7. Shri. Mardikar, learned counsel, relied upon a decision of the Supreme Court in (1998)7 SCC 698 (Ashok Chaturvedi and others Vs. Shitul H. Chanchani and another). In this case, it is observed that the complaint (F.I.R.) is liable to be quashed when allegations made in the complaint and the statement of complainant are taken on their face value, no offence is made out. This is no doubt a settled principle of law. But in this case at hand the ingredients of offence are certainly disclosed. In 2001(2) SCC 17 (Lalmuni Devi Vs. State of Bihar and others), the Supreme Court has held that even if a complaint may spell out a civil wrong, the court would not be justified to quash it if it also makes out an offence. In view of this, the argument of the learned counsel that the transaction in question was merely of a civil nature has to be negatived. This is precisely the case here. In yet another case reported in AIR 1999 SC 1216 : [1999 ALL MR (Cri) 548 (S.C.)] (Rajesh Bajaj Vs. State NCT of Delhi and others), it is observed that even if the facts narrated in the complaint reveal commercial transaction that is no ground to hold that offence of cheating would elude from such transaction.
8. This court also relying on a decision of the Supreme Court had made following observes in 2006(4) Mh.L.J. 771 (Natural Sugar and Allied Industries Ltd. Vs. Razzak Hazi Gaffar).

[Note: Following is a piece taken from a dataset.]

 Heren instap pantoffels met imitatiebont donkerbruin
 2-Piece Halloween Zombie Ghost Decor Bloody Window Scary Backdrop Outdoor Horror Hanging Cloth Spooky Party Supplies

"It is not permissible at this stage to go into the truthfulness or otherwise of the allegations in the complaint. The only scrutiny that would be permissible, would be as to whether after reading the complaint as a whole and taking the averments on its face value and accepting them in entirety whether the ingredients to constitute an offence, for which the process has been issued are made out or not. Upon perusal of the complaint as a whole, and taking the allegations at their face value and accepting them in entirety, at least, prima facie, the ingredients to constitute the offence for which the process has been issued are made out. It will not be permissible for High Court to go into the documents which has been placed before it for the first time by both the parties, to find out whether the dispute is of civil nature, by appreciating the evidence."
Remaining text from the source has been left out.